What to do: Reproduce all of the data exactly. Images are not to appear in the reply.
========================================================================
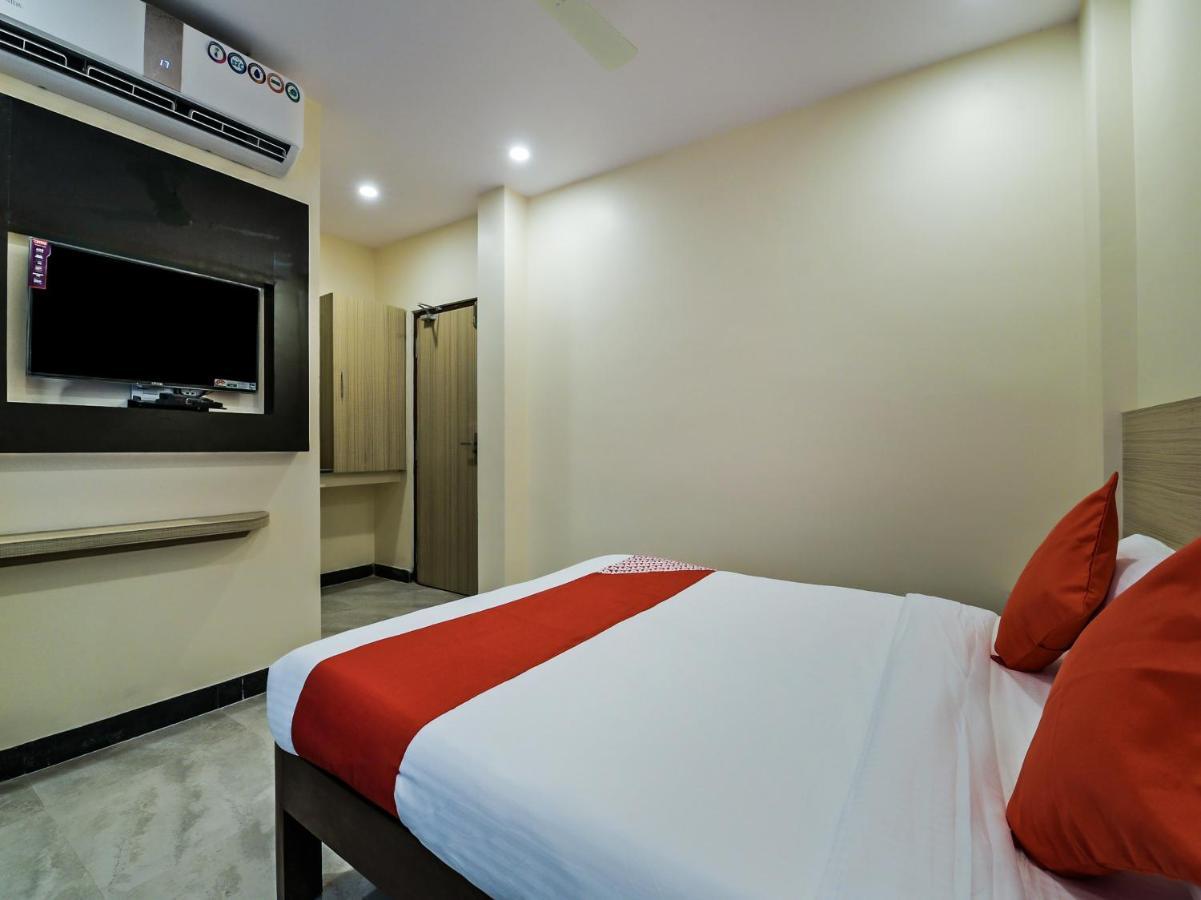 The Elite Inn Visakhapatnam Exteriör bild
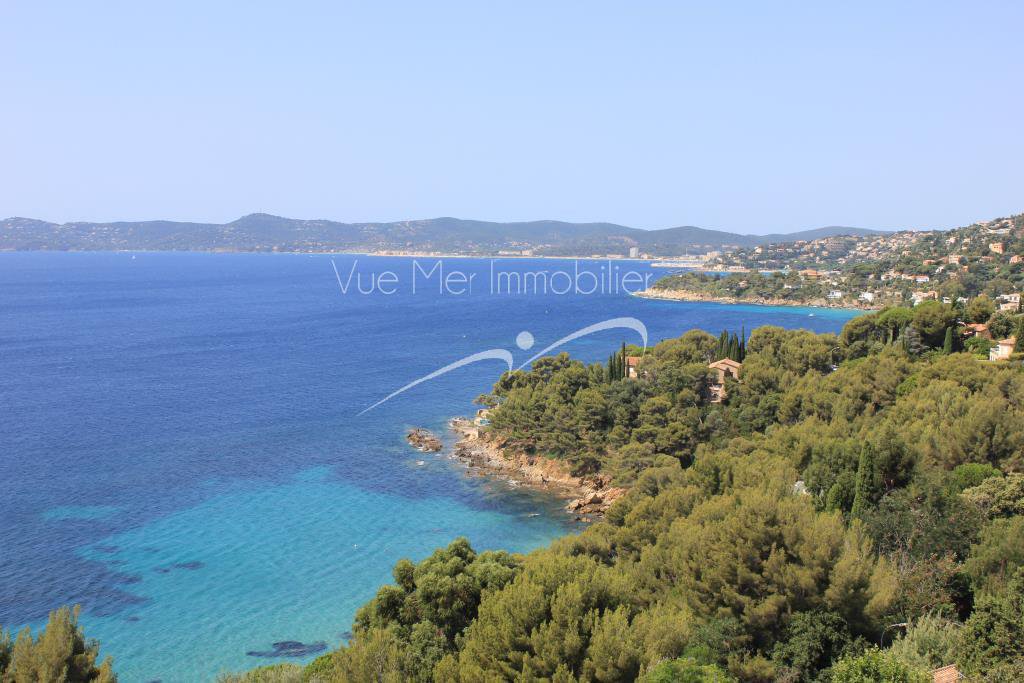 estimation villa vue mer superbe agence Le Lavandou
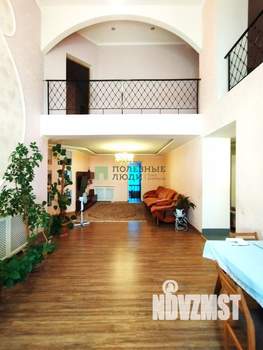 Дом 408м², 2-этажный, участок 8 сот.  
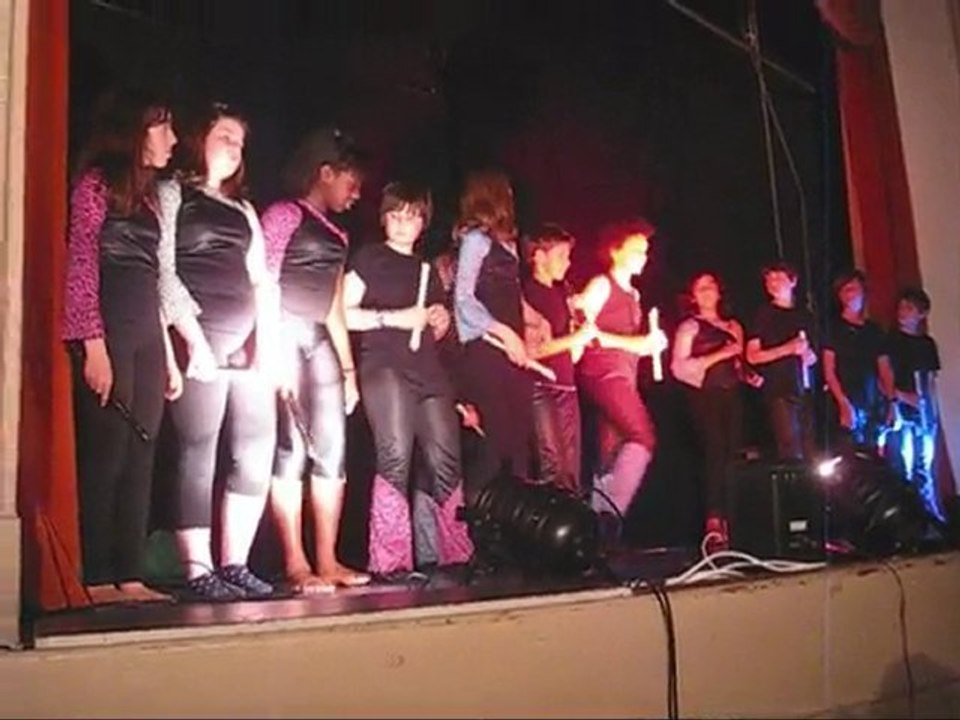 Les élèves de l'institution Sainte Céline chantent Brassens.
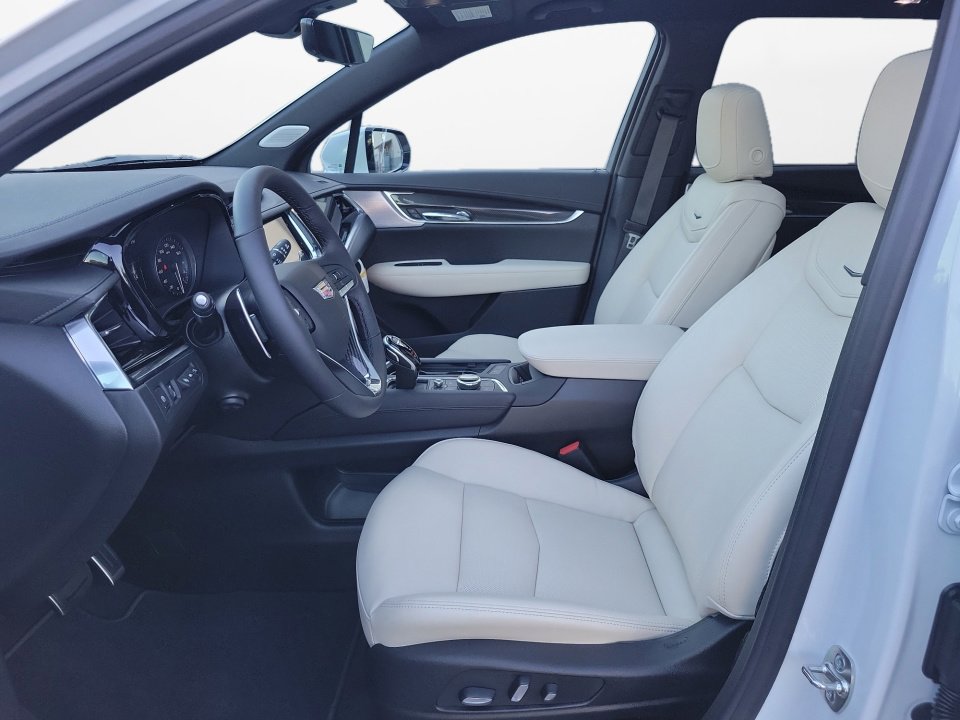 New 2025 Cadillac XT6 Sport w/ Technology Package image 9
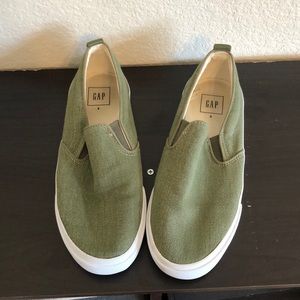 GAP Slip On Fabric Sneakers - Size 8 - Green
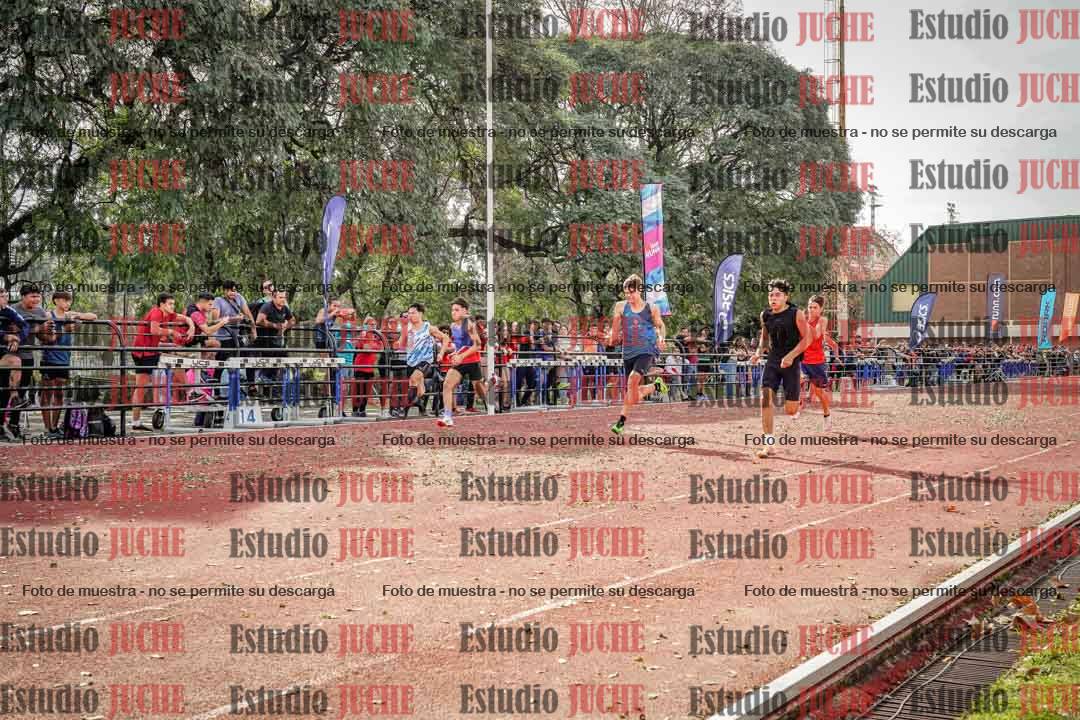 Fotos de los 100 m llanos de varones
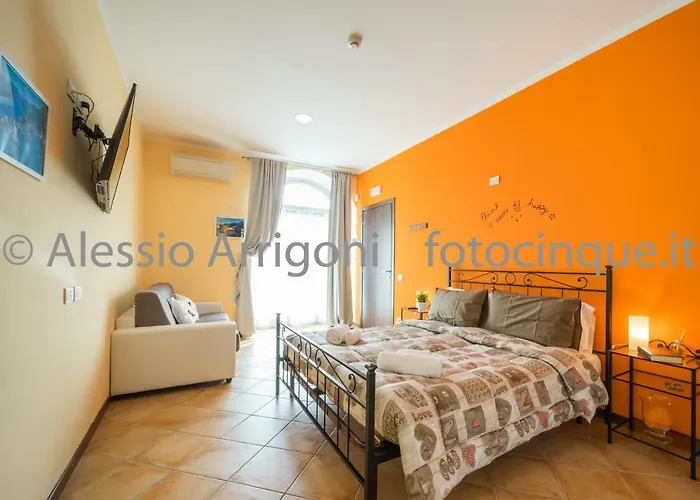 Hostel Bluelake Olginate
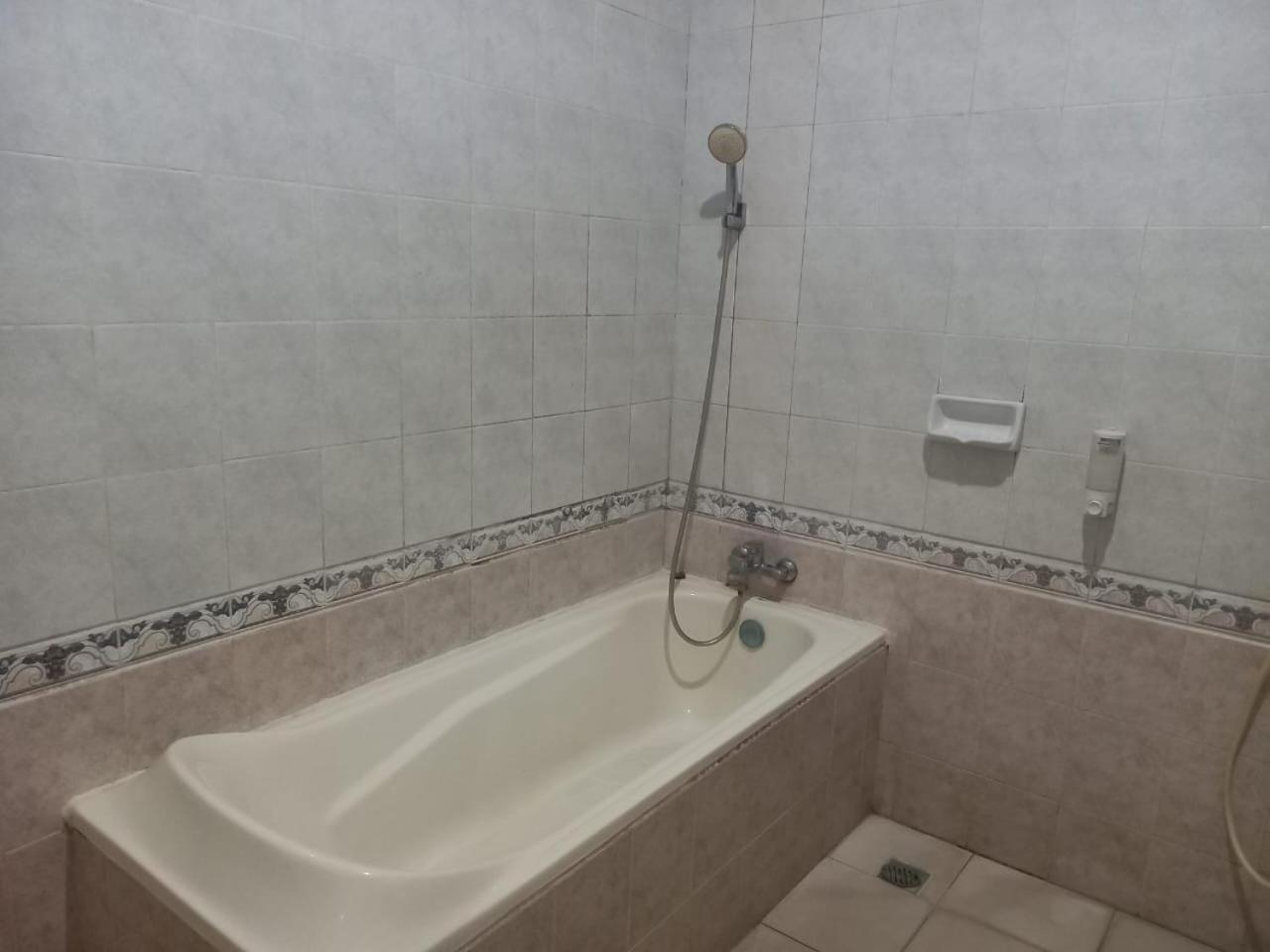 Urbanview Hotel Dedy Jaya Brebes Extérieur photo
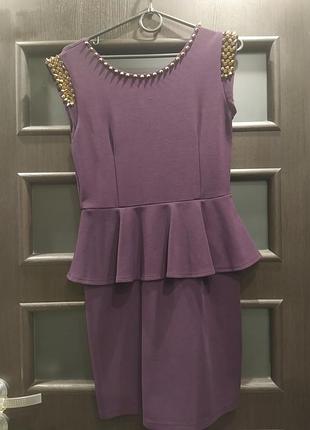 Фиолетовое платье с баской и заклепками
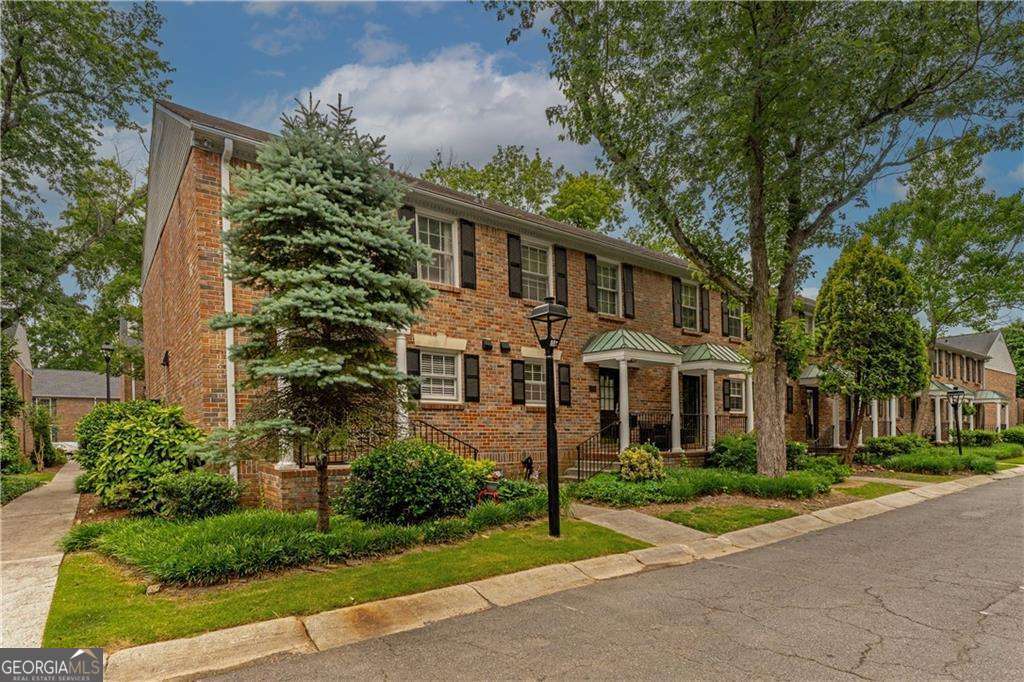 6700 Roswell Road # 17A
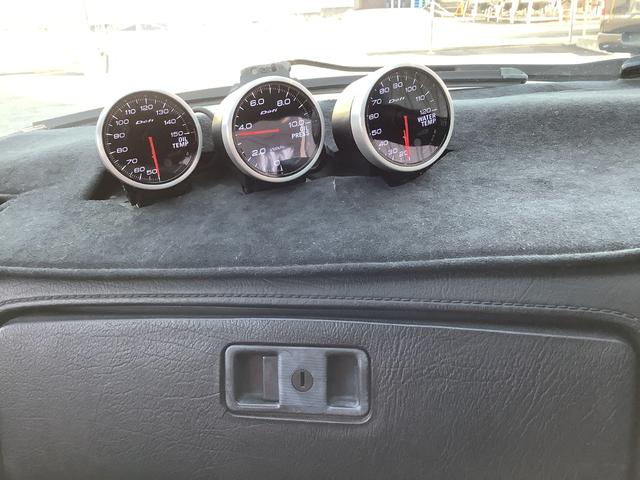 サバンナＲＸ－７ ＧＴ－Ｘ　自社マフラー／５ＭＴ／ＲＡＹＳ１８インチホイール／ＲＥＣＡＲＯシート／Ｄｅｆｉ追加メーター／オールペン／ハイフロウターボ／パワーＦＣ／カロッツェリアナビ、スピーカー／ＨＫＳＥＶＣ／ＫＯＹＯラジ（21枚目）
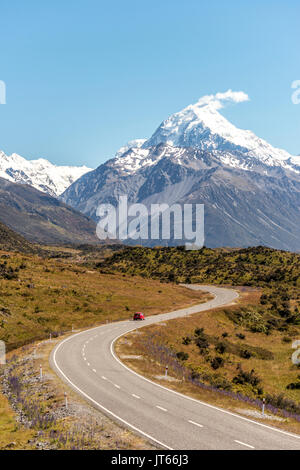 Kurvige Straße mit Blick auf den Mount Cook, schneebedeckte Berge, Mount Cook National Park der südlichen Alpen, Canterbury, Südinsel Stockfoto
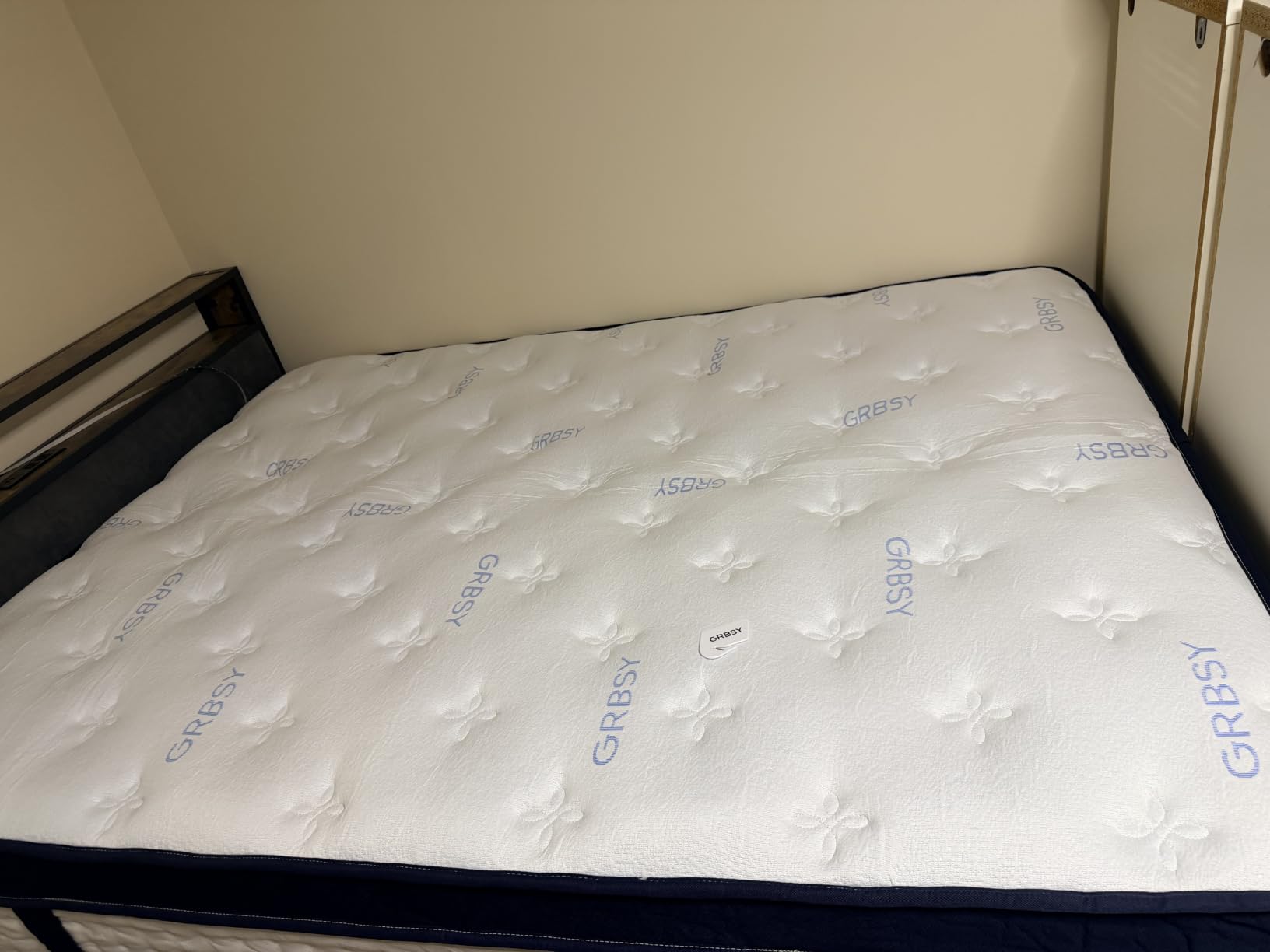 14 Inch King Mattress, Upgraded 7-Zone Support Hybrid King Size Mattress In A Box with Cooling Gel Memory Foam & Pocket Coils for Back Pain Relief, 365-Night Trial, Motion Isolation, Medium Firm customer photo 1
========================================================================
Answer to the problem:
 The Elite Inn Visakhapatnam Exteriör bild
 estimation villa vue mer superbe agence Le Lavandou
 Дом 408м², 2-этажный, участок 8 сот.  
 Les élèves de l'institution Sainte Céline chantent Brassens.
 New 2025 Cadillac XT6 Sport w/ Technology Package image 9
 GAP Slip On Fabric Sneakers - Size 8 - Green
 Fotos de los 100 m llanos de varones
 Hostel Bluelake Olginate
 Urbanview Hotel Dedy Jaya Brebes Extérieur photo
 Фиолетовое платье с баской и заклепками
 6700 Roswell Road # 17A
 サバンナＲＸ－７ ＧＴ－Ｘ　自社マフラー／５ＭＴ／ＲＡＹＳ１８インチホイール／ＲＥＣＡＲＯシート／Ｄｅｆｉ追加メーター／オールペン／ハイフロウターボ／パワーＦＣ／カロッツェリアナビ、スピーカー／ＨＫＳＥＶＣ／ＫＯＹＯラジ（21枚目）
 Kurvige Straße mit Blick auf den Mount Cook, schneebedeckte Berge, Mount Cook National Park der südlichen Alpen, Canterbury, Südinsel Stockfoto
 14 Inch King Mattress, Upgraded 7-Zone Support Hybrid King Size Mattress In A Box with Cooling Gel Memory Foam & Pocket Coils for Back Pain Relief, 365-Night Trial, Motion Isolation, Medium Firm customer photo 1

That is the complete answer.